As usually done in the scientific community, and to allow for a fair and unbiased evaluation, these recordings were split into an independent « training set » (i.e., not used to evaluate the system) used to build a statistical model of bin Laden’s voice (see technical detail below), and a « test set » used to evaluate/predict the performance of the system. Usually, the training data should also include a large number of speakers (in the targeted language) to build a so-called « world model » used as a reference of « non-bin Laden examples », and several examples of bin Laden voice. Given the very limited number of « non-bin Laden » Arabic speakers, we decided not to train a new « world model » and to rely on a pre-trained English model.

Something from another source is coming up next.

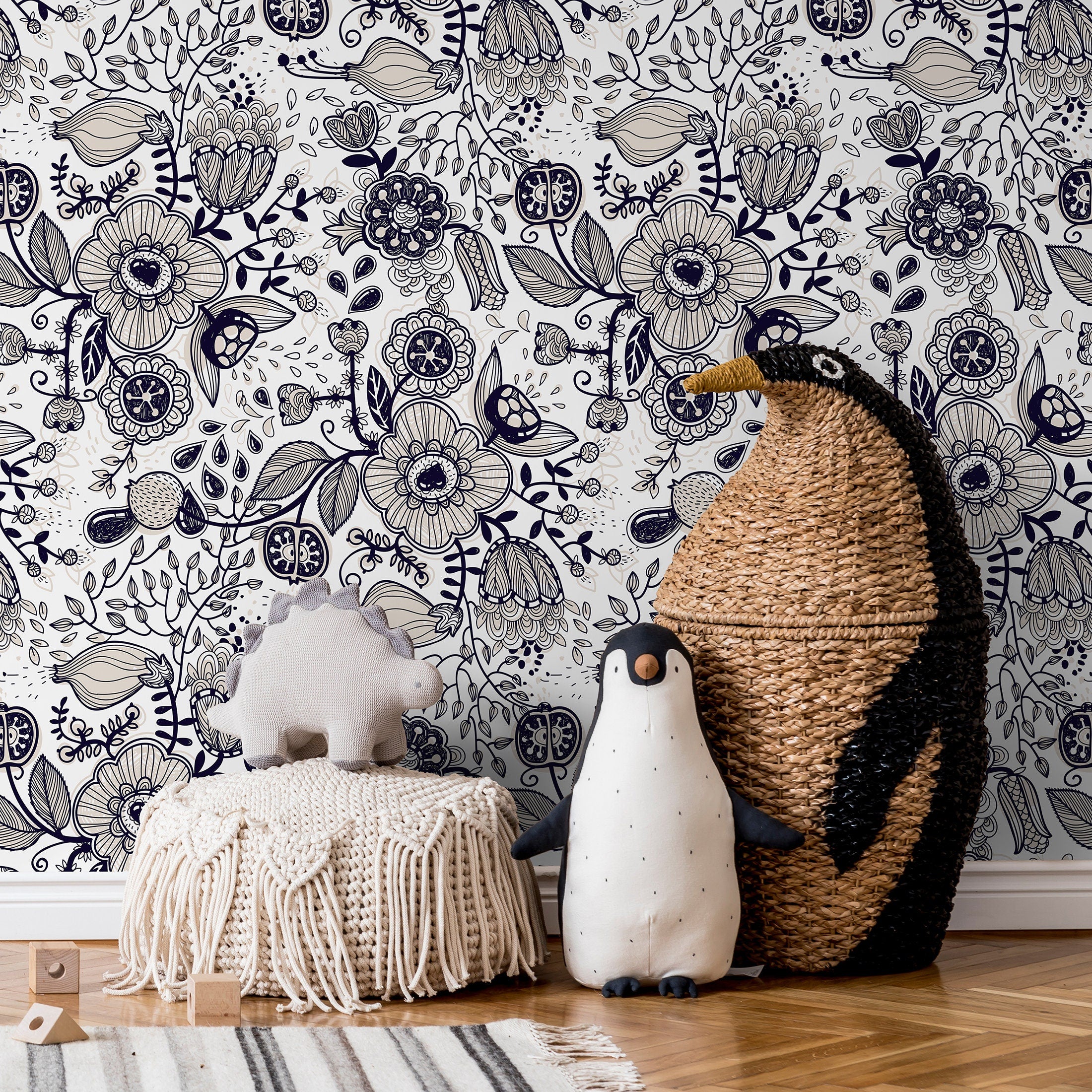 Floral Wallpaper Featuring Intricate Line Art In Dark Blue And Beige - A406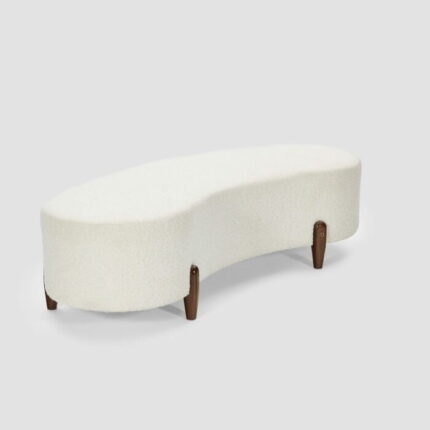 Bean Chaise Lounge – Modern Rounded Design dengan Kaki Kayu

Although this is a first weakness of our approach, results below will show that it didn’t significantly limit the performance of the system on the data in hand.

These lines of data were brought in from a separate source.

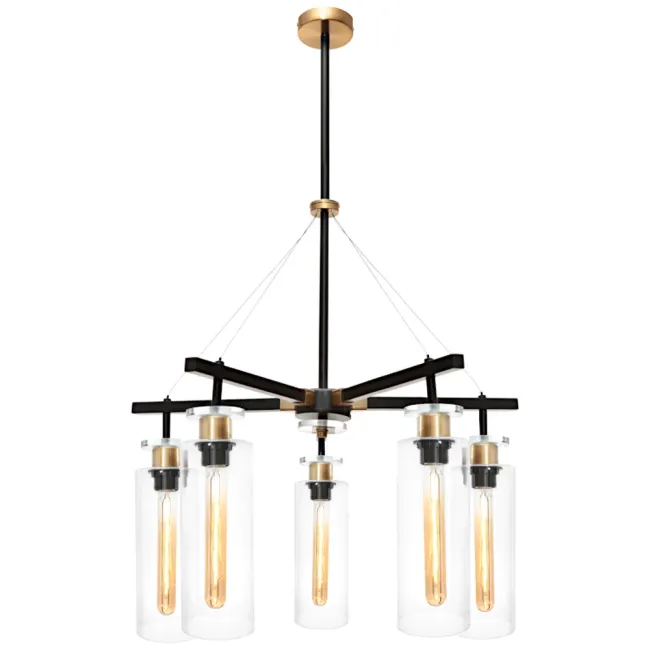 Cougar Lighting Bourne 5 Light Pendant in Black, Gold & Glass BOUR5PBLK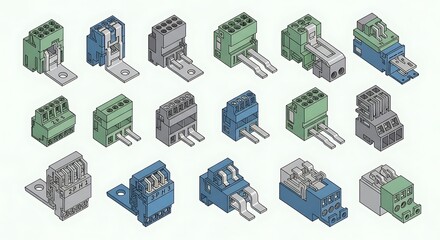 Isometric View of Various Terminal Blocks for Electrical Connections.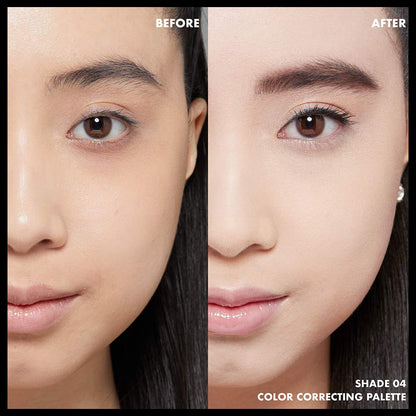 Back label view of the authentic NYX 3C color correcting concealer palette showing product details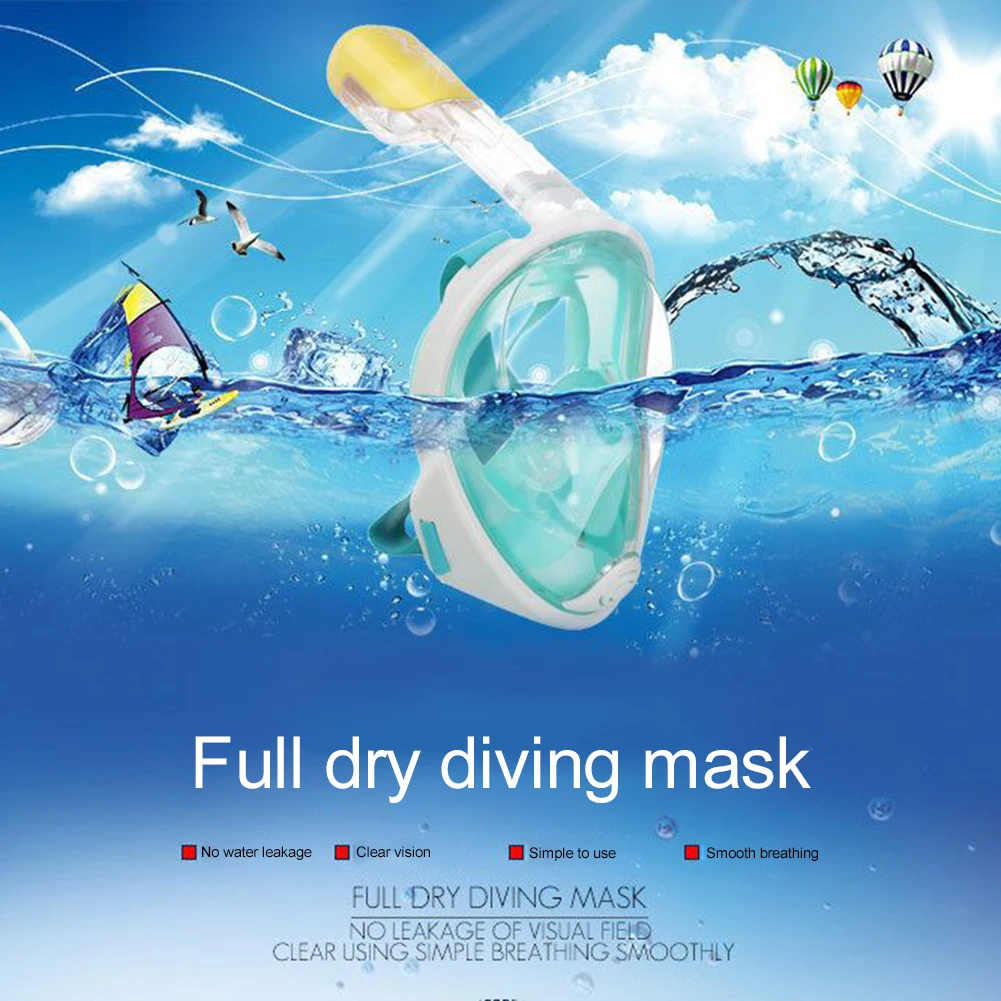 

Underwater Full Face Diving Mask Anti-Fog Snorkeling Mask 180 Degree Seaview Snorkel Mask for Swimming and Diving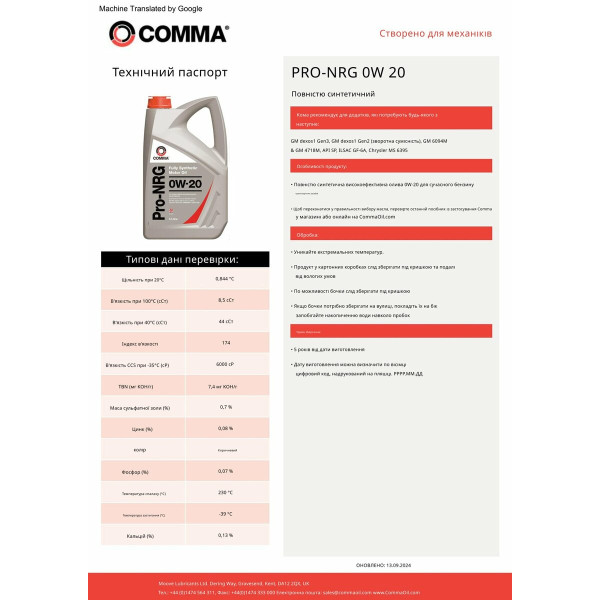 Картинка - Моторное масло Comma PRO-NRG 0W-20 5л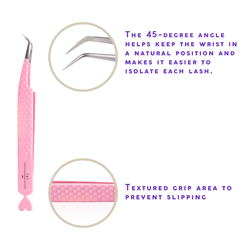 volume lash 45 degree tweezer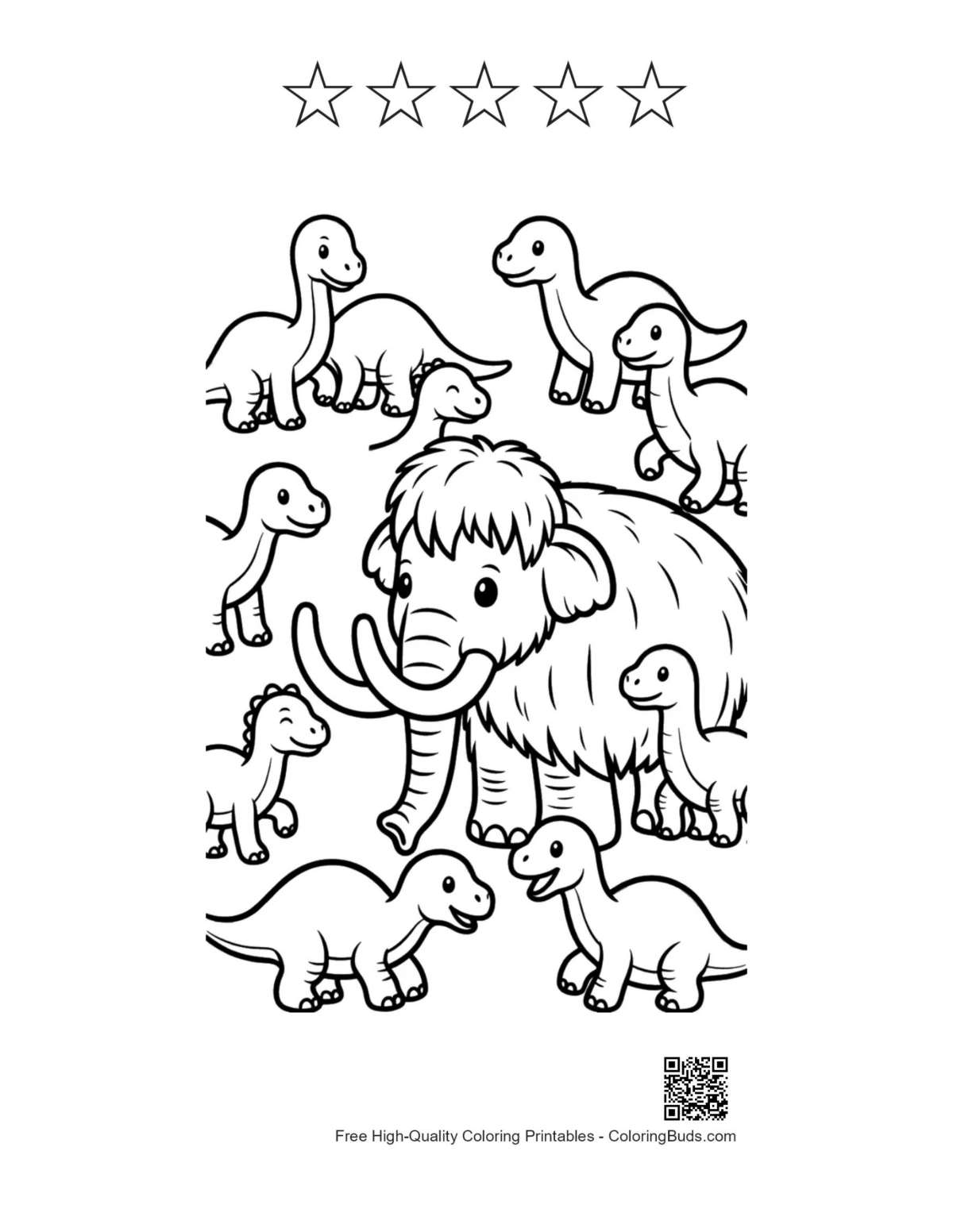 ภาพร่างไดโนเสาร์ตัวน้อยน่ารัก แมมมอธ 5 ดาว สำหรับพิมพ์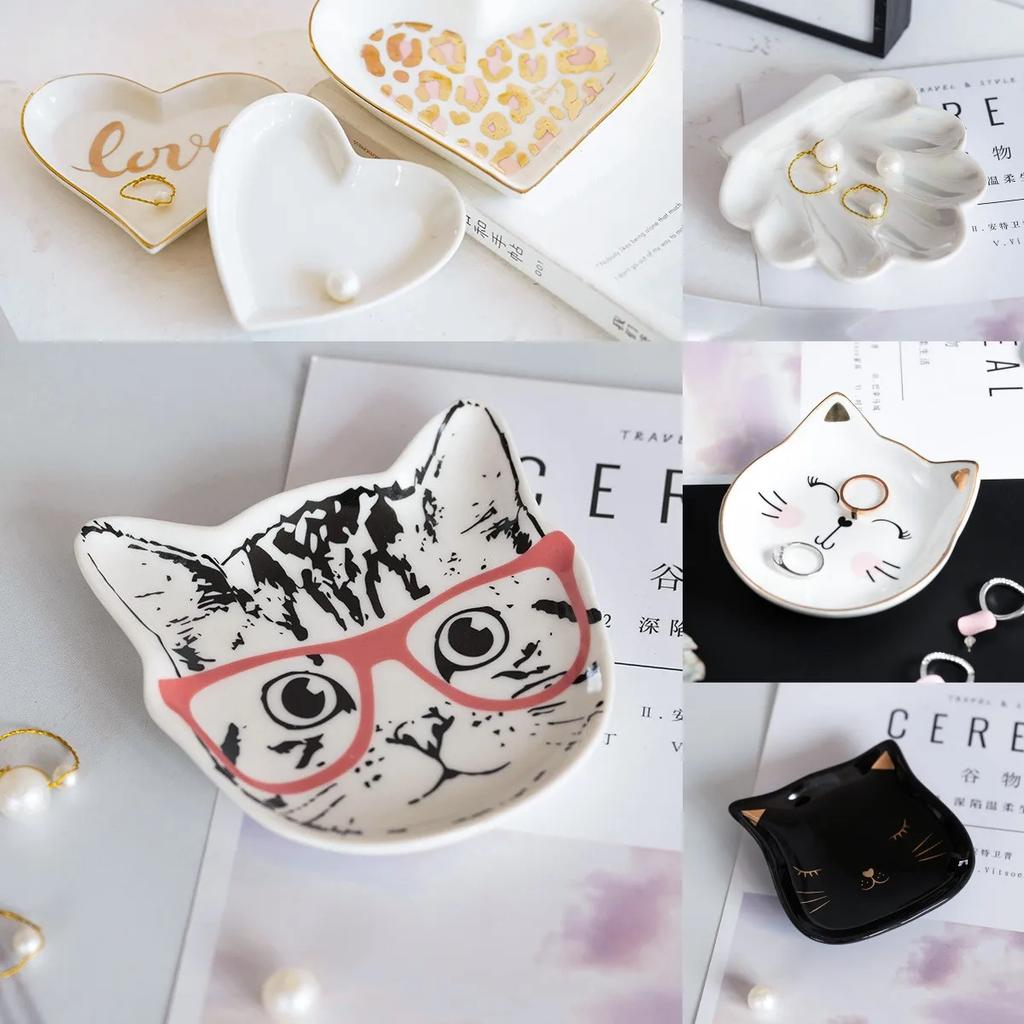 1PC Ceramic Seasoning Dish Cute Cat Soy Sauce Vinegar Dish Dipping Saucer Mustard Plate Japanese Tableware Home Kitchen Supplies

Before presenting the system with the latest unauthenticated recording, we extracted 44 recordings of audio data from the above broadcast material (thus covering about 1h30 of audio data) test data from the above broadcasted material. These recordings included:
• 30 recordings authenticated as from bin Laden, which were split in two sets :
o 15 to train the model, referred to as “train set”: not represented on the model below o 15 to evaluate the model: these appear as green squares in the figure below.

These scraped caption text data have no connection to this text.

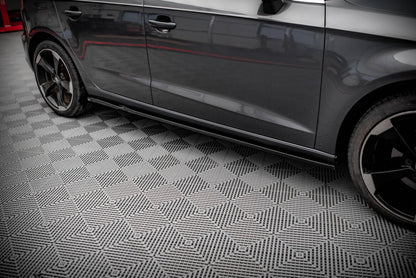 Seitenschweller Ansatz (Paar) passend für Audi A3 Sportback 8V schwarz Hochglanz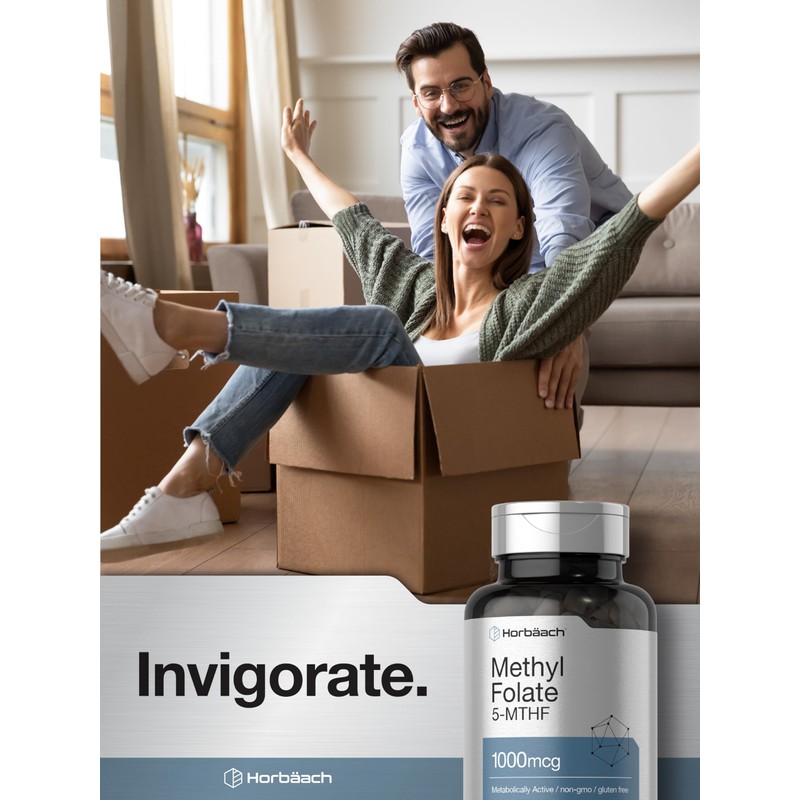 Horbäach Methyl Folate Supplement | 1000 mcg | 200 Capsules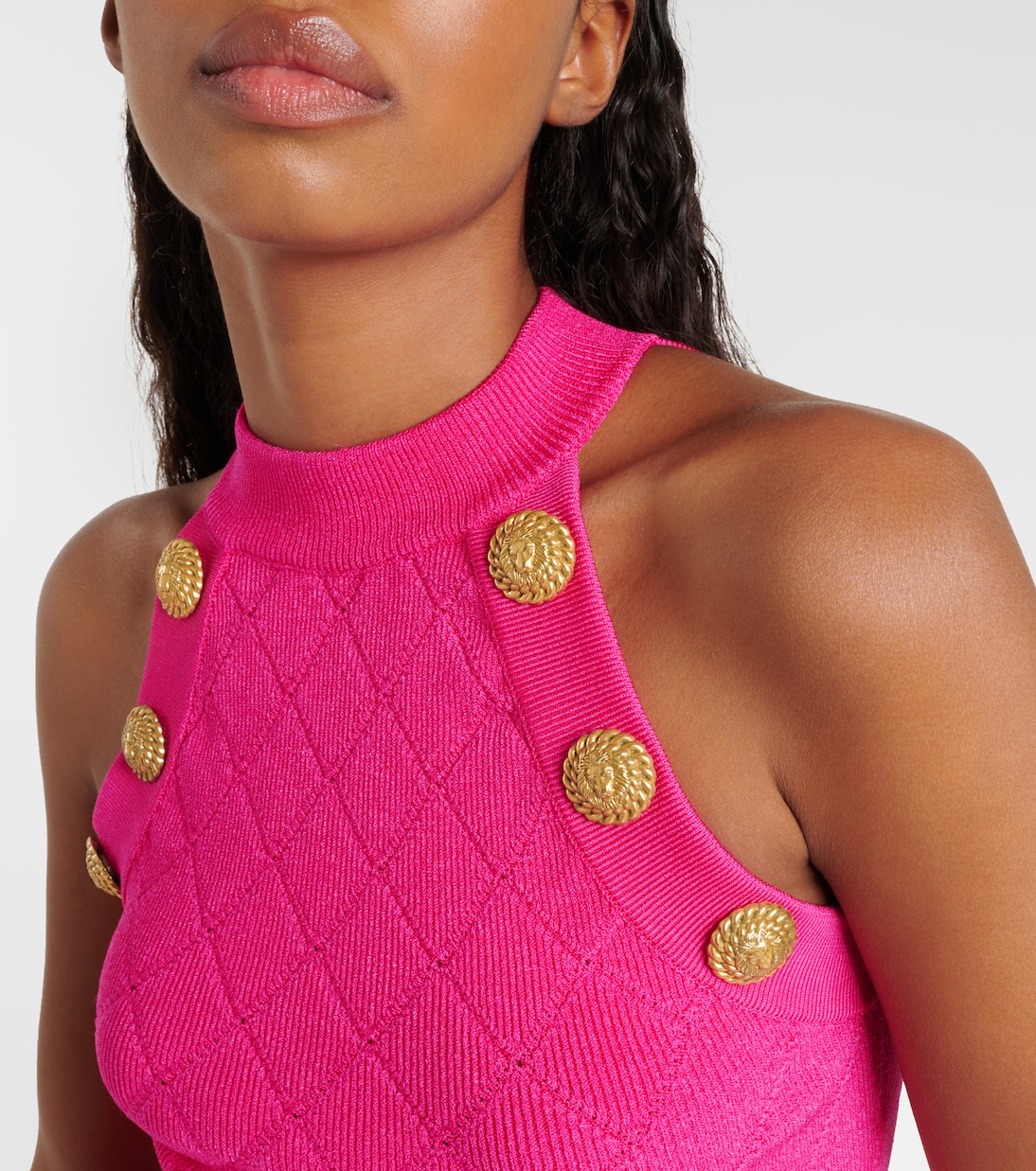 Top de punto de cuello halter adornado | Balmain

• 14 recordings authenticated as from other Arabic speakers and also used to evaluate the model (to evaluate “impostor accesses”): these appear as red squares in the figure below.
The last two sets of recordings, referred to as “test set” thus contained 29 recordings, including 15 recordings from bin Laden and 14 from other Arabic speakers. The quality of these recordings (in the training set, as well as in the test set) was highly variable, ranging from good quality to mediocre and very poor quality. In an informal blind test performed with colleagues at IDIAP (who are not experts in linguistics), including one native Arabic speaker, it was often very difficult to achieve a high human classification rate.
After having optimized our statistical model (briefly discussed below), and keeping in mind the limited amount of data, we used the resulting automatic user authentication system to generate one data point (associated with an identity decision) for each test recording, thus resulting in 29 data points in the two-dimensional space represented in the figure below. According to the figure plot below, all the points above the decision threshold (the line in black, optimized to maximize the decision margin) would be classified as « non bin Laden », while the recordings falling below the decision threshold would be classified as containing the voice print of bin Laden. Thus, it can be seen on the figure below that all of the 29 recordings, but one (the green square above the line), were properly classified.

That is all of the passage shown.